Estar en las alturas, en silencio, tocar con las manos la roca que te sostiene, es descubrir algo muy preciado. ¿Cuántas veces nos damos el permiso de estar en silencio?. Es un derecho que, cuando lo descubres, se atesora.
Los ojos cuando no quieren ver, simplemente cierras los párpados, pero cuando los oídos no quieren oír, no tenemos esa protección que nos aísla del entorno. Entonces, tenemos que emprender viaje a los desiertos, a las llanuras, a los bosques, a los templos, a las casas de abuelos o a los rincones de niños… a la quietud de cada cual. Estar en silencio es dar con ese lugar, con ese momento, con ese coincidir que nos hace apreciar el valor de ser y tener sentido.
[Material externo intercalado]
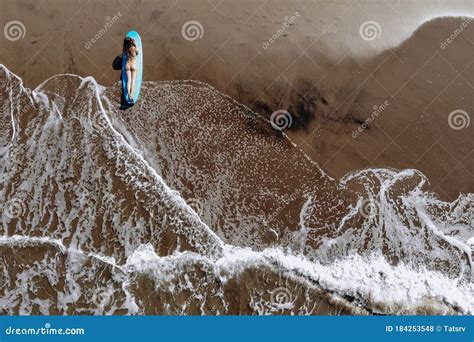Aerial Drone View Of A Woman In Bikini Is Sunbathing On A Surfboard On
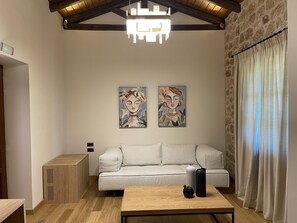 Suite – junior | Oppholdsområde | Flatskjerm-TV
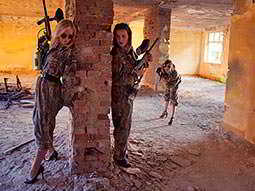 A Krakow hen group in camouflage holding paintball guns and hiding around a brick column 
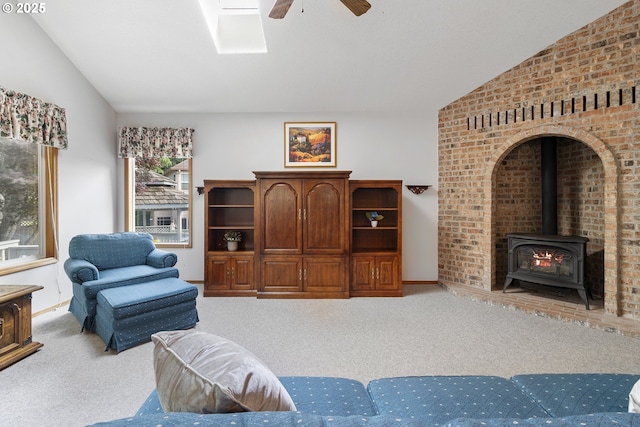 8346 SE 141st Ave, Portland, OR 97236 - carpeted living room with vaulted ceiling, a ceiling fan, and a wood stove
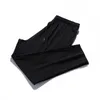 Dorywczo spodnie Mężczyźni Joggers Spodnie Dysfunda Solidna Kolor Elastyczna Talia Spodnie Fitness Sportswear Moda Lato Wiosenne spodnie dresowe 211013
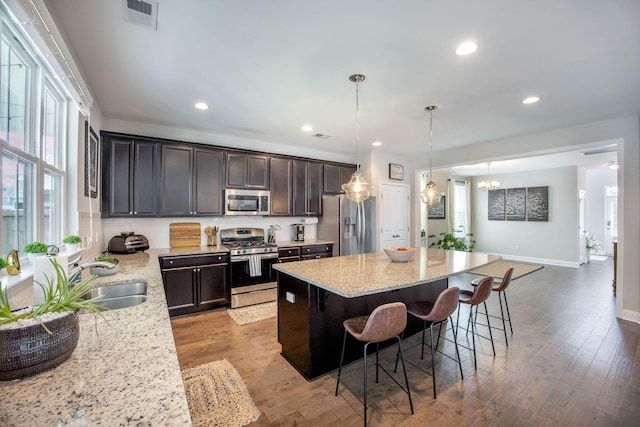 106 Sago Ct, Summerville, SC 29486 - kitchen with appliances with stainless steel finishes, a sink, a breakfast bar, a center island, and light stone counters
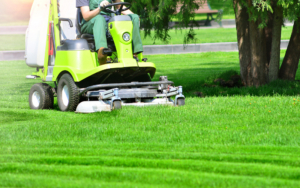Person Using A Riding Lawn Mower On Green Grass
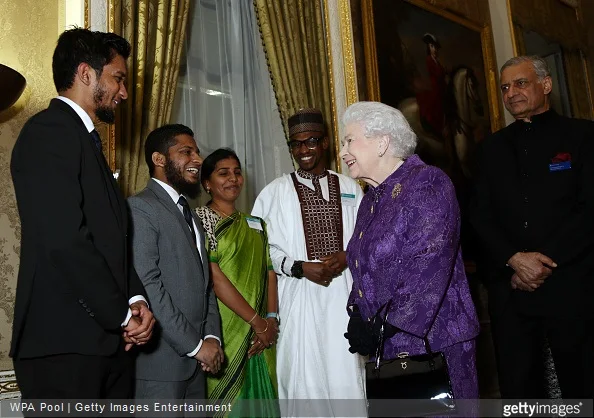 Elizabeth II speaks with guests during a reception to mark Commonwealth Day at Marlborough House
Meditar es respirar. Es seguir el ritmo, es fluir sin apuro, es seguir tu sensación en calma, sabiendo que nada perturbará ese momento. Cuando meditas en silencio, aparece la quietud necesaria para encontrar el camino nuevamente. El silencio no te devuelve las ideas ni te corrige la meta que te has propuesto. Simplemente te devuelve al centro, a la ruta, a la belleza de apreciar el momento, a la quietud de ese contacto con el segundo que late tu corazón. Al comienzo, te llenas de pensamiento, pero si persistes un momento y te concentras en el silencio, aparece ese fluir, esa quietud, esa paz.
Llega a ser tan curiosa la manera de vivir de hoy, que no tenemos este privilegio de sentir el silencio. Por eso tenemos que viajar a los desiertos, a las llanuras, a los bosques, a los templos, a las casas de abuelos o a los rincones de niños, donde dejamos olvidado el valor mas sagrado, el valor de sentir el silencio.